▸ **How to complete this task**: Give again, word for word, the lines below that run from the line with "DJ Discokugel Wandtattoo" through the line with "1971 Honda N600". Drop the pictures.

▸ **Given records**:
====================
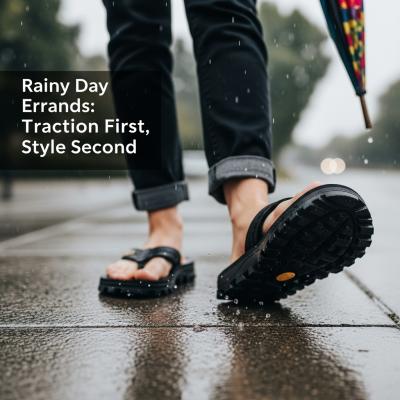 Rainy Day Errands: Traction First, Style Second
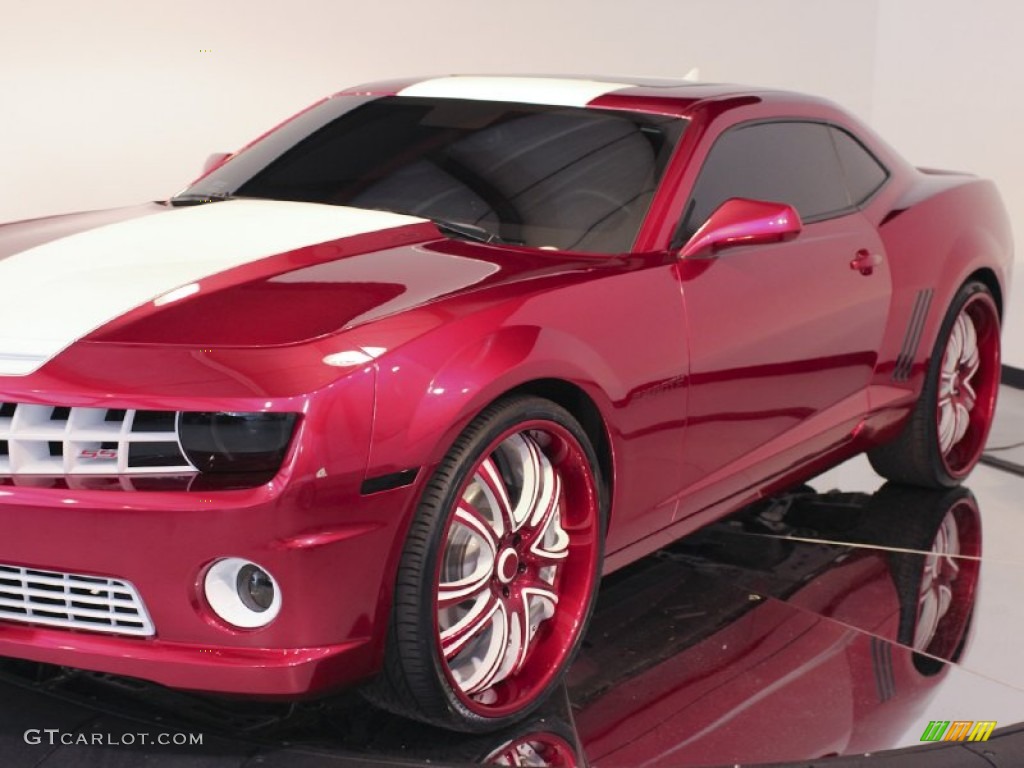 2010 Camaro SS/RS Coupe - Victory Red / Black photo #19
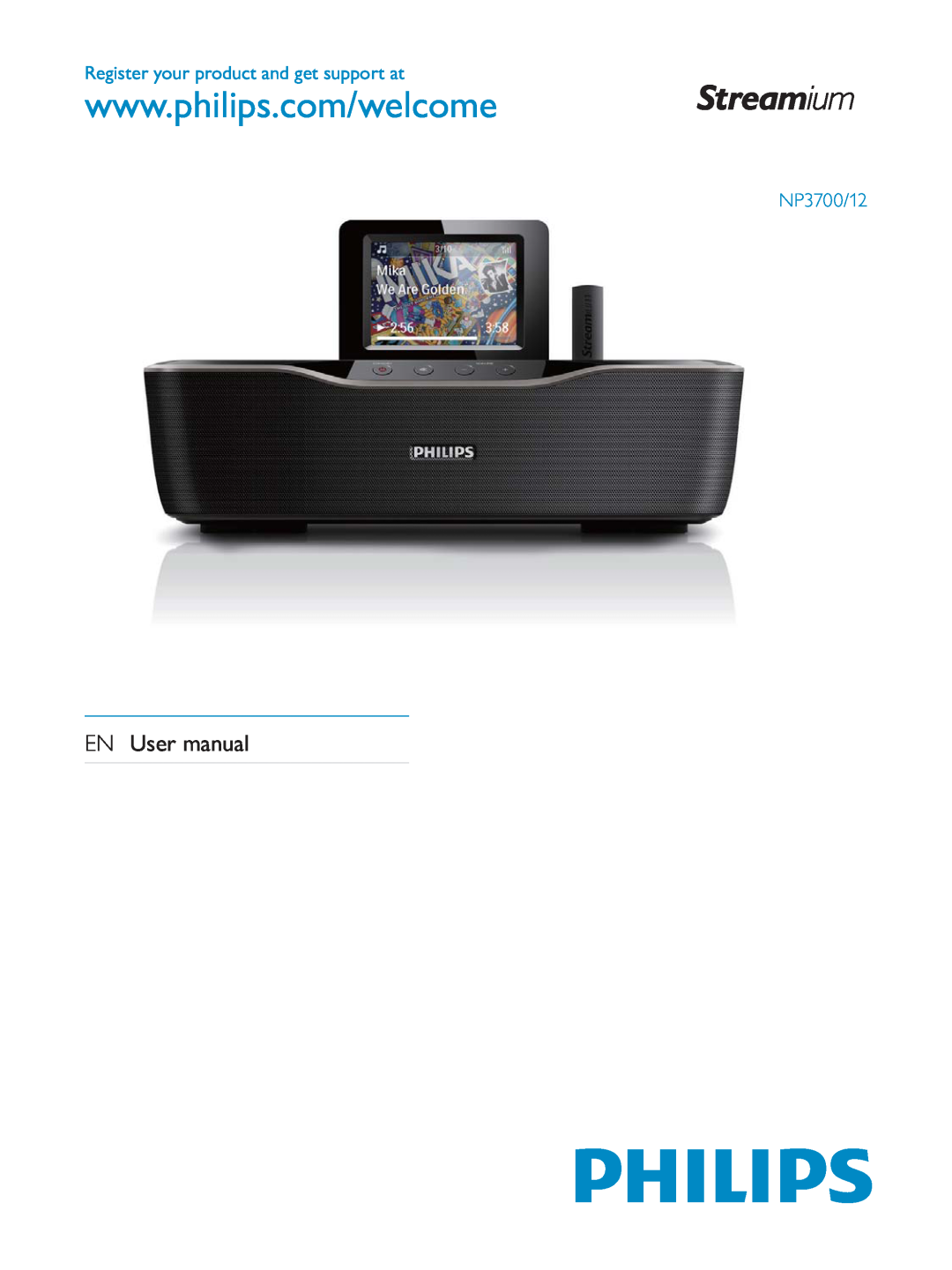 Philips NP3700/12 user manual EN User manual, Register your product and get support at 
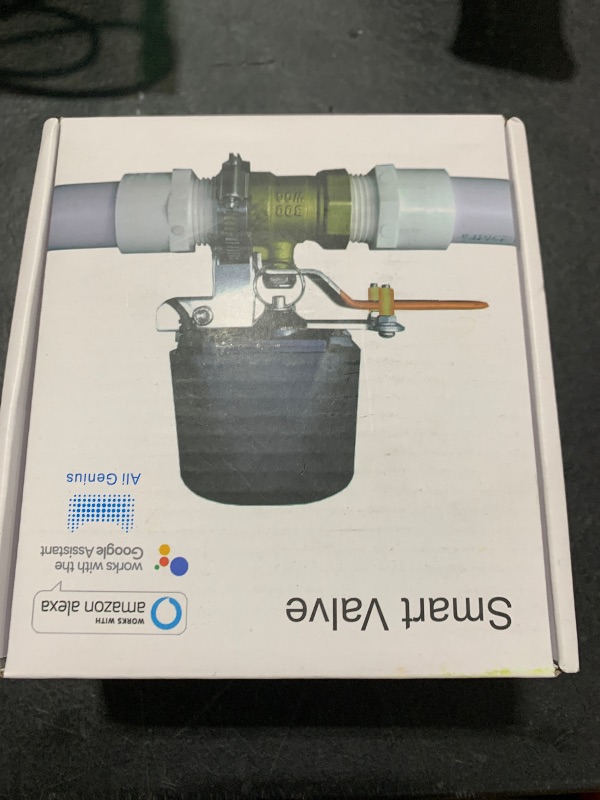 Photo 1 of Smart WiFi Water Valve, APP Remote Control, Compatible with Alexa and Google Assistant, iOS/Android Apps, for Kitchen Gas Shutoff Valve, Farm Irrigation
====================
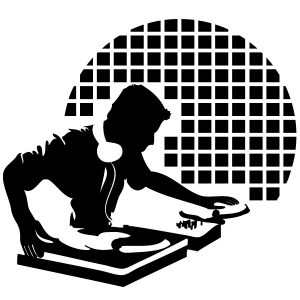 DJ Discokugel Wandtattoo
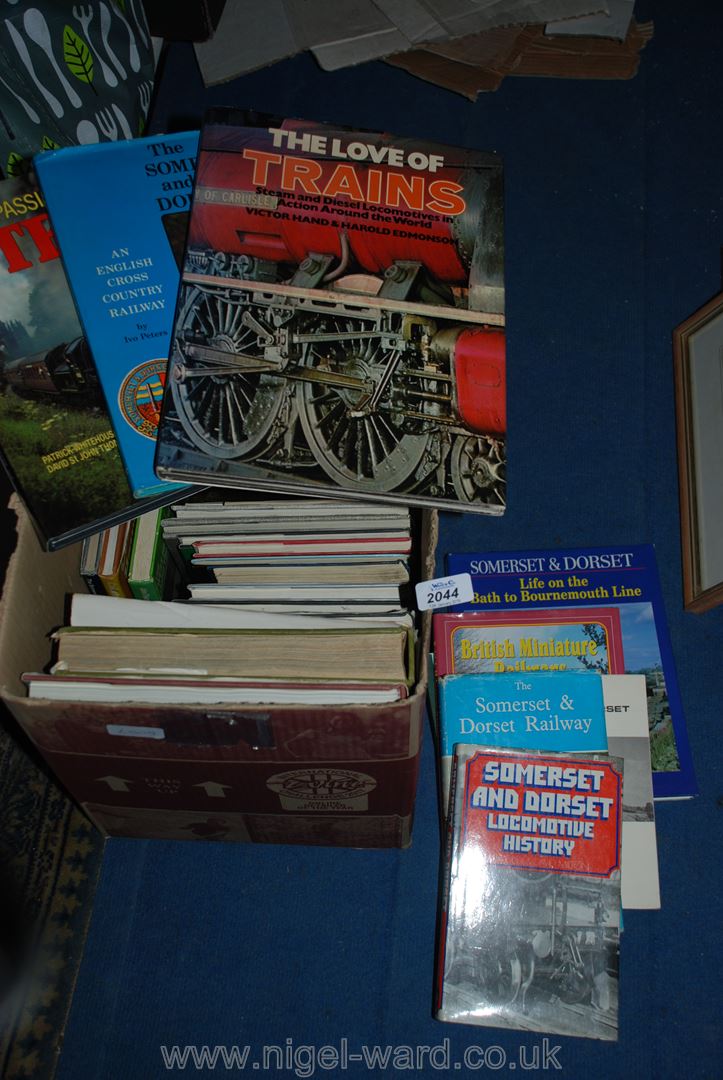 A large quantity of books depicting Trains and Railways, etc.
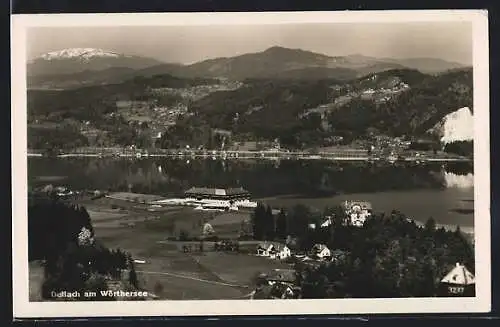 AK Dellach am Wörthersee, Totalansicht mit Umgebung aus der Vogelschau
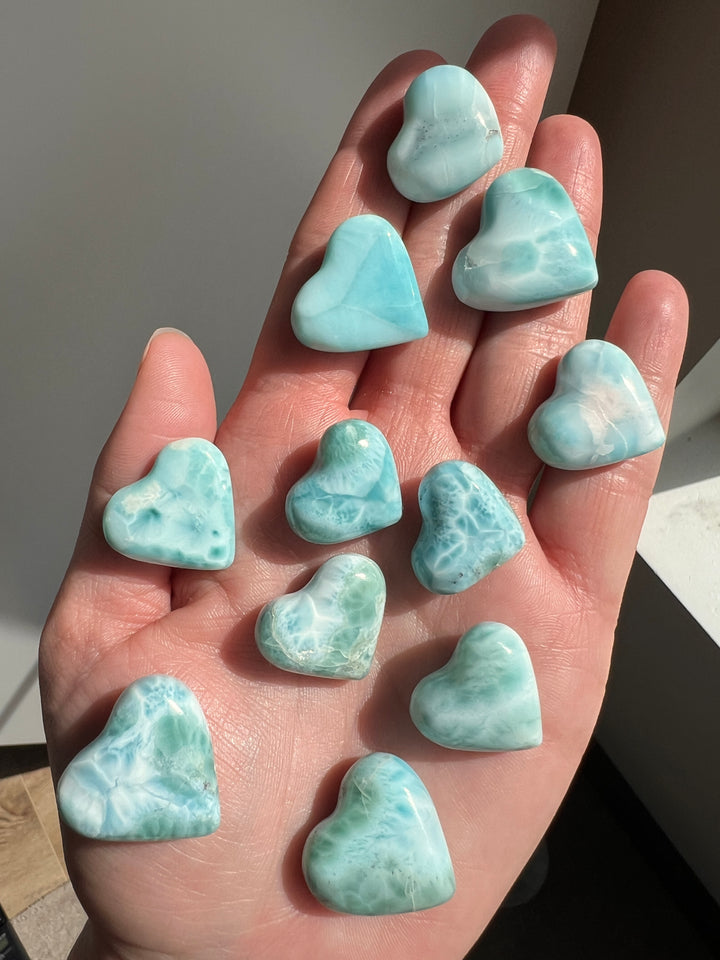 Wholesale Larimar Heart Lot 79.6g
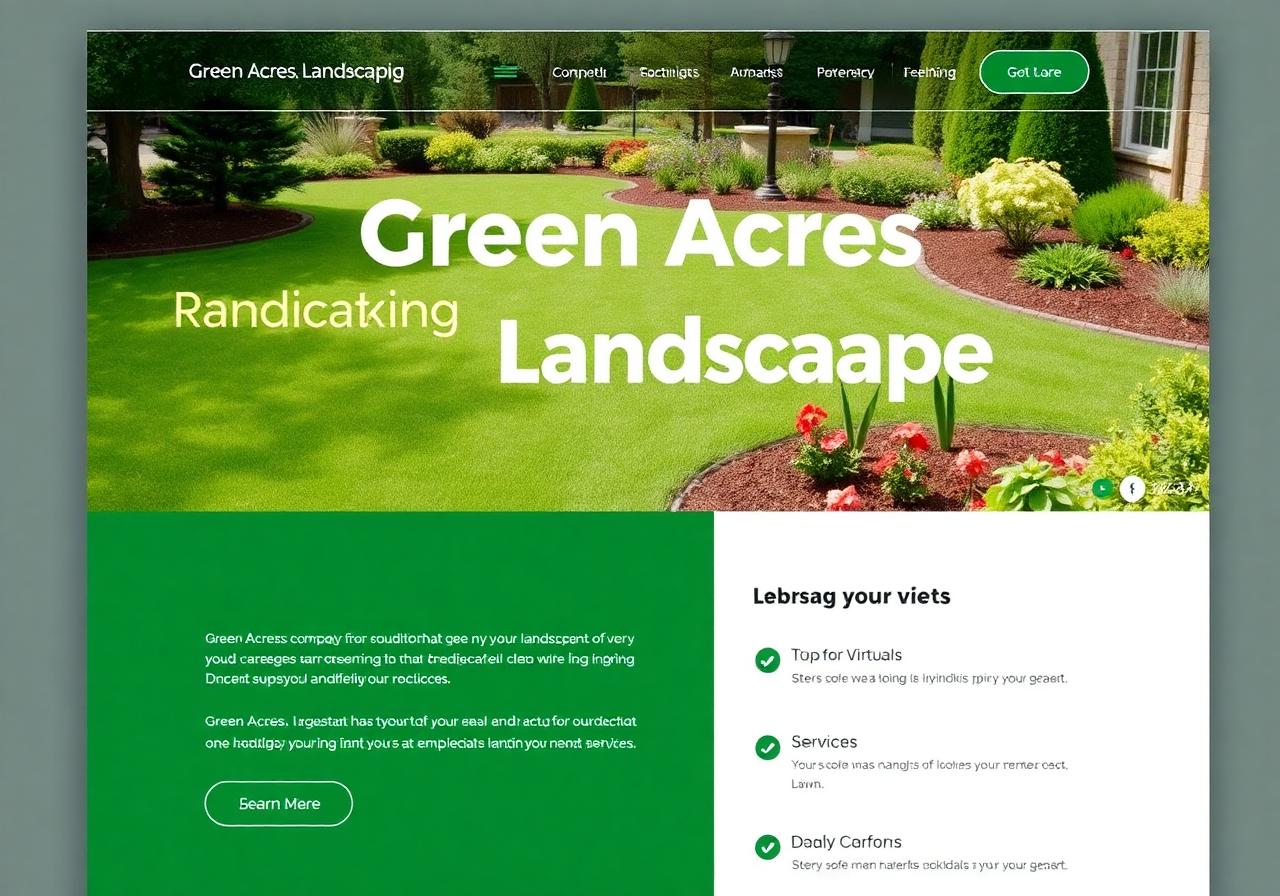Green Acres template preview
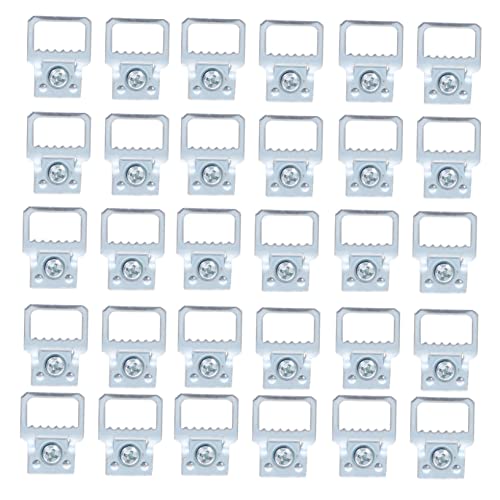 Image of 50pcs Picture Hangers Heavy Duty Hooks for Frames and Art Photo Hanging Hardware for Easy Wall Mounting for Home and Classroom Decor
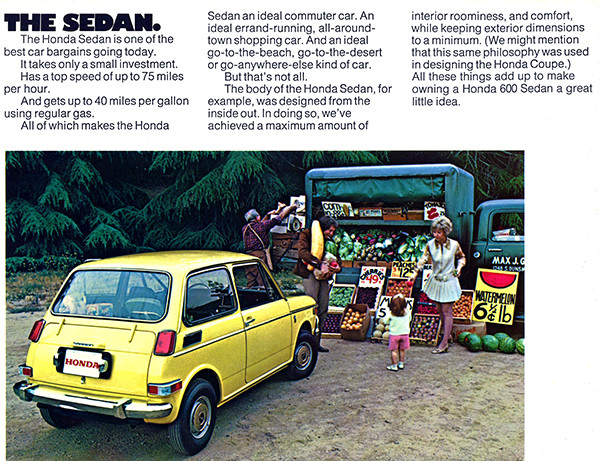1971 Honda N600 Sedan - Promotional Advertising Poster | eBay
====================
▸ **Final answer**:
 DJ Discokugel Wandtattoo
 A large quantity of books depicting Trains and Railways, etc.
 AK Dellach am Wörthersee, Totalansicht mit Umgebung aus der Vogelschau
 Wholesale Larimar Heart Lot 79.6g
Green Acres template preview
 Image of 50pcs Picture Hangers Heavy Duty Hooks for Frames and Art Photo Hanging Hardware for Easy Wall Mounting for Home and Classroom Decor
1971 Honda N600 Sedan - Promotional Advertising Poster | eBay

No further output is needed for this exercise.